Contenuto in (periodico)
Numero/Annata
IV, 55 25 03 1955
Pagina
229-
Luogo di pubblicazione
Milano
Editore
Cinema Nuovo Editrice

RESPONSABILITÀ

autore

CONTENUTO

Abstract
L'articolo riprende la provocazione lanciata da Zavattini a proposito del documentario neorealistico e racconta l'esperienza di una società cinematografica diretta da Cristaldi, che aveva prodotto alcuni documentari diretti da Nelli ("La montagna muore"), Orengo e altri.
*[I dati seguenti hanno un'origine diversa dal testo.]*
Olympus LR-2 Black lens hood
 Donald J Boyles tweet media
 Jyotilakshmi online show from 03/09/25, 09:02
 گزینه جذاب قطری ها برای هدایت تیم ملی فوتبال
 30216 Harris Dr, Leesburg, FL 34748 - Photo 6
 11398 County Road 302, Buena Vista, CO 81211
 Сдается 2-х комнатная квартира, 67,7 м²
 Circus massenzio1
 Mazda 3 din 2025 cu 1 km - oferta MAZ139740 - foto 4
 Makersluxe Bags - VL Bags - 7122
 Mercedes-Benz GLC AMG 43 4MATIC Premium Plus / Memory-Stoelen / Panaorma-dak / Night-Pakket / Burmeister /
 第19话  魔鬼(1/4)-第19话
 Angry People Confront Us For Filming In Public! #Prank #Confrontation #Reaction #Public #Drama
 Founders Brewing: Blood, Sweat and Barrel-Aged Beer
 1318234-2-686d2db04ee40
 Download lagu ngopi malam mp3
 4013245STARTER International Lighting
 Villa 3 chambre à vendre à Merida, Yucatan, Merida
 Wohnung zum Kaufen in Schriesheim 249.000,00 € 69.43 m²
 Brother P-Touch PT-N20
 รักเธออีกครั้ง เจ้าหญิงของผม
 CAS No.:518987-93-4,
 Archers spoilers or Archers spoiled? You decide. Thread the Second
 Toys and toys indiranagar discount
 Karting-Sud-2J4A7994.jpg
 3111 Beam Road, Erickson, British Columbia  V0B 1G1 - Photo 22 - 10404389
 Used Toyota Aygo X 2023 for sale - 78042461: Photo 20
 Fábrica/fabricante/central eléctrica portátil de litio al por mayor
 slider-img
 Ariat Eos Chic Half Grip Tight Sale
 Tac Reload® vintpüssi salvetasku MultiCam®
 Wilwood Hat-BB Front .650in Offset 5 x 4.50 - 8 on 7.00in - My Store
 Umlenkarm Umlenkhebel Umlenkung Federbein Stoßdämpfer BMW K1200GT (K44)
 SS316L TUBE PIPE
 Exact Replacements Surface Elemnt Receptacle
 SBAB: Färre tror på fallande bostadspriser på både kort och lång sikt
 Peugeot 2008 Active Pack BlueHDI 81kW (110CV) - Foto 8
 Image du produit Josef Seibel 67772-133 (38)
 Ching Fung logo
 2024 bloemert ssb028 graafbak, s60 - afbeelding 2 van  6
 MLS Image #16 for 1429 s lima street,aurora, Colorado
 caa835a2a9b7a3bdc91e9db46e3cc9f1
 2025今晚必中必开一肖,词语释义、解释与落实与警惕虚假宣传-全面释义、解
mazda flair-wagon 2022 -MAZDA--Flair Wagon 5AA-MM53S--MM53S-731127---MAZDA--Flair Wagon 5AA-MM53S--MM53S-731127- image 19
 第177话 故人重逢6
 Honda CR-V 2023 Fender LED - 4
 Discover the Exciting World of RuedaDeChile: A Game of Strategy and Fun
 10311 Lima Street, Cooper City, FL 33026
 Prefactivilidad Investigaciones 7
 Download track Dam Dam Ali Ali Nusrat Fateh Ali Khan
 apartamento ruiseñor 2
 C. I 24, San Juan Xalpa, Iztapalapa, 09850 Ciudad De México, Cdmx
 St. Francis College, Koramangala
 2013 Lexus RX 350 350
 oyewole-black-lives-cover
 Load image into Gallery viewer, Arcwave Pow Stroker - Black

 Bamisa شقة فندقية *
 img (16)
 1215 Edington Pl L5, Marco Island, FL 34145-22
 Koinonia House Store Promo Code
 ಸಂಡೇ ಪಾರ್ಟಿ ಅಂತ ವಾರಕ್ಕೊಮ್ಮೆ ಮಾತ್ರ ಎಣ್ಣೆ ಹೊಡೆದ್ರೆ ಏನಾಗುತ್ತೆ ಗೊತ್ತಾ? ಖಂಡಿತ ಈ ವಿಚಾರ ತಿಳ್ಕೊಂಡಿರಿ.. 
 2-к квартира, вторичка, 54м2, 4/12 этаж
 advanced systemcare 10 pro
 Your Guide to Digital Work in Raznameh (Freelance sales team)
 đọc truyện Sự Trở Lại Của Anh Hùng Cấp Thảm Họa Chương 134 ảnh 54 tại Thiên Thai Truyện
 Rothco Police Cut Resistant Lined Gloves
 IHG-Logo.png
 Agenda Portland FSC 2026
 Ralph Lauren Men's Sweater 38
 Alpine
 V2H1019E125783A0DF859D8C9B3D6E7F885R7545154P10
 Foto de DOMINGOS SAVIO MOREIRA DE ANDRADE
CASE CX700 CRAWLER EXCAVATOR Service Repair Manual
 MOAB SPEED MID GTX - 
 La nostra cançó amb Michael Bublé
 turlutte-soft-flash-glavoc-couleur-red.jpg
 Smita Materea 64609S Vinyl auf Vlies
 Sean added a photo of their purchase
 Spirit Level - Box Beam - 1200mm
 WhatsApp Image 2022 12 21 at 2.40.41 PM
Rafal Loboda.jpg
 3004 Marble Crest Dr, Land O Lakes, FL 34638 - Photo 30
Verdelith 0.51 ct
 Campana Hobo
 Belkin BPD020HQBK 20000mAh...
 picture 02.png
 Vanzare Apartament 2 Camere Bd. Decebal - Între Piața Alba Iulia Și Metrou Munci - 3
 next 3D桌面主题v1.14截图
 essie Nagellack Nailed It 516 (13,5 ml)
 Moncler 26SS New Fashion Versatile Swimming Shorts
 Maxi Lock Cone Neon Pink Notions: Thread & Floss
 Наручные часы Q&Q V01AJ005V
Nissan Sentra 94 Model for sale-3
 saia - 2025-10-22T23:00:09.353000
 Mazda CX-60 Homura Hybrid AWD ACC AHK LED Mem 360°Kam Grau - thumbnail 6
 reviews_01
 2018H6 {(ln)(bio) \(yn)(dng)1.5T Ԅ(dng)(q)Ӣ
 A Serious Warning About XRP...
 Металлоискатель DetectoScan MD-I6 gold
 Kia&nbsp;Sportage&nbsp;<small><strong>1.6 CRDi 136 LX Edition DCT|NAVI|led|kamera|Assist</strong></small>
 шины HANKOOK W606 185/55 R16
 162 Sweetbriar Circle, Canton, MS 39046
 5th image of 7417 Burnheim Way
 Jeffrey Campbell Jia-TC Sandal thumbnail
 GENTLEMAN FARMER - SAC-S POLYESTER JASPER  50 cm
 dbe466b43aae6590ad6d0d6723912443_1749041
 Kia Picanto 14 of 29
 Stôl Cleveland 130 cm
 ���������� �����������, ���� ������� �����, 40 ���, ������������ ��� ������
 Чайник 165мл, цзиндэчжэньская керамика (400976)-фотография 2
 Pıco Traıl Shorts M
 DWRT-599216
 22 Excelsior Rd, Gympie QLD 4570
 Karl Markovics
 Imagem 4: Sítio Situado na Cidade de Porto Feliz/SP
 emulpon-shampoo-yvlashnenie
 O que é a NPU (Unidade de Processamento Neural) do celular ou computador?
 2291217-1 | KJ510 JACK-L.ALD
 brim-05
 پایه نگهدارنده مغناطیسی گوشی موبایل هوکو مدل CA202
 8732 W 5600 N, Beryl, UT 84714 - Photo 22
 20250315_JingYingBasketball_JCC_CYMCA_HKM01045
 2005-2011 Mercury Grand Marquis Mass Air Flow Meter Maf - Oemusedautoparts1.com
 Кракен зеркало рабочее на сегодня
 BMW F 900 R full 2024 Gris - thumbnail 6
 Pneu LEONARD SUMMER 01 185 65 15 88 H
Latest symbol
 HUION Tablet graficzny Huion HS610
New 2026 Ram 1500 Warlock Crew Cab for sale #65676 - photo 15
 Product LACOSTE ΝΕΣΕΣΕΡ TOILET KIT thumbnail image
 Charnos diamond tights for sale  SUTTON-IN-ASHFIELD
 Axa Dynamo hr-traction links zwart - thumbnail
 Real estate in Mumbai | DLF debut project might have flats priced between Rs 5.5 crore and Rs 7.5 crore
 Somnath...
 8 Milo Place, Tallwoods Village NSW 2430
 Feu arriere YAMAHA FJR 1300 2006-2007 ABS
I cortometraggi vengono subito definiti neorealistici sicuramente per il contenuto strettamente legato all'indagine della realtà italiana dei primi anni cinquanta (i bambini mutilati di guerra, l'alluvione del Polesine), ma anche dal punto di vista della loro composizione emergono interessanti osservazioni: il documentario neorealistico necessita, secondo Orengo, del commento parlato fuori campo e sottolinea il suo valore grazie al contributo dello scrittore Corrado Alvaro per "Pace agli uomini", e per la sua intensità «drammatica e realistica» quando si tratta delle parole della Bibbia per descrivere il Diluvio, che illustrano invece i disastri nel Polesine. Nel caso di "Tempo di diluvio" si aggiunge però anche l'informazione riguardante la musica dodecafonica appositamente fatta comporre ed eseguire per il documentario: la sua funzione doveva essere di sottolineatura del tono già desolato della fotografia e indicare lo smarrimento degli abitanti delle terre invase dall'acqua. E' evidente, quindi, una selezione interna alla tradizione compositiva che sceglie lo sconvolgimento del sistema tonale come simbolo del disastro. "Porta Canarda" è invece caratterizzato musicalmente dalla «vibrante canzone neorealista» di Seborga, che, secondo i suggerimenti di Zavattini, doveva essere la testimone dei nuovi valori dell'Italia definitivamente uscita dall'esperienza bellica. Sulle parole di Orengo a commento del lavoro di Seborga si soffermerà polemicamente Gian Passeri, introducendo il problema del conformismo ideologico dei documentari, proprio partendo da osservazioni sul paesaggio sonoro e sulla canzone.